We have already tried many different command prompts and have also tried redirects. proxies 200 rewrite and 301 redirect don’t work because of the css and styling issues that we face when using proxies.
Is there a way to simply write a build command or structure the toml file in a way to make both the npm builds work together?
@nishant As you’re dealing with two different site frameworks and they may not play nice together having one built at /
and the other built at /blog
, the easiest way to solve may be to configure them as two separate sites in Netlify, and then use a proxy rule on the primary one to redirect from /blog
(and all sub-urls) through to the secondary site.
As shown here:
Thanks @nathanmartin for your response. This is exactly what we did first. The rewrite 200 unfortunately didnt work well as our next.js site lost all of its css and styling.
We just created a hash script to run multiple builds and now we are having permission issues such as:
- build.command from netlify.toml
3:23:38 AM: ────────────────────────────────────────────────────────────────
3:23:38 AM:
3:23:38 AM: $ sh ./build-both.sh
3:23:39 AM: > graphcms-blog@0.1.0 build
3:23:39 AM: > next build
3:23:39 AM: sh: 1: next: not found
3:23:39 AM:
3:23:39 AM: “build.command” failed
3:23:39 AM: ────────────────────────────────────────────────────────────────
3:23:39 AM:
3:23:39 AM: Error message
3:23:39 AM: Command failed with exit code 127: sh ./build-both.sh (Search results for '"non-zero exit code: 127"' - Netlify Support Forums)
3:23:39 AM:
3:23:39 AM: Error location
3:23:39 AM: In build.command from netlify.toml:
3:23:39 AM: sh ./build-both.sh
Our .sh file
cd ./blog && npm run build
cd ./main && npm run build`
Our netlify.toml file in the root folder is:
[build]
command = "sh ./build-both.sh"
publish = ".next"
That shouldn’t be the case, and I’d imagine that the issue was simply the paths with the next.js site.
Hi @nathanmartin
Yes, I agree it should not have been the case but we checked all the paths and none of them were absolute. The images and the html were seen but the css, the button clicks and the styling were completely off. Do you have any folder in specific that could be possibly causing this issue? This is our file structure.

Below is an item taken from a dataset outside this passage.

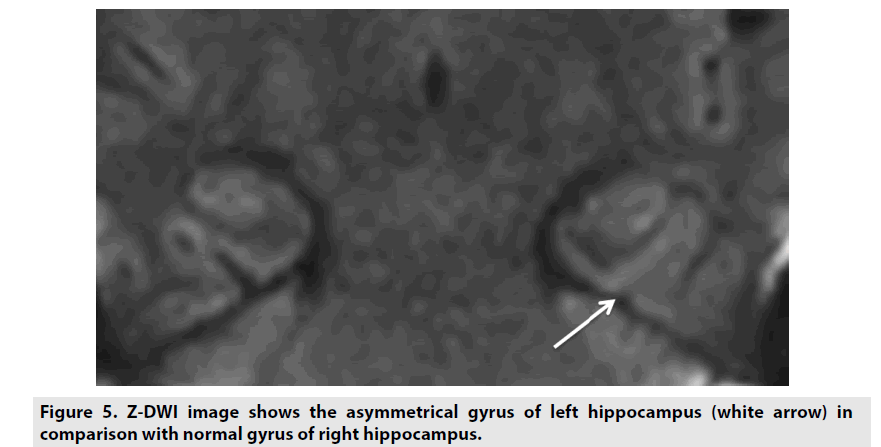 imaging-in-medicine-left-hippocampus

Not sure what else we could do to make this work
I don’t work with the systems you’re working with, so have no tips off the top of my head, and I can’t really assist with the complexities/intricacies of your project.
It’s easier when you’re working with systems outputting static content, but with the frameworks that frequently output generative serverless functions to handle SSR etc. it’s impossible for me to guess how they would interact with each other in the same deployment, or how they might fall over.
It’s also why keeping them entirely separate strikes me as the simplest way of getting it working.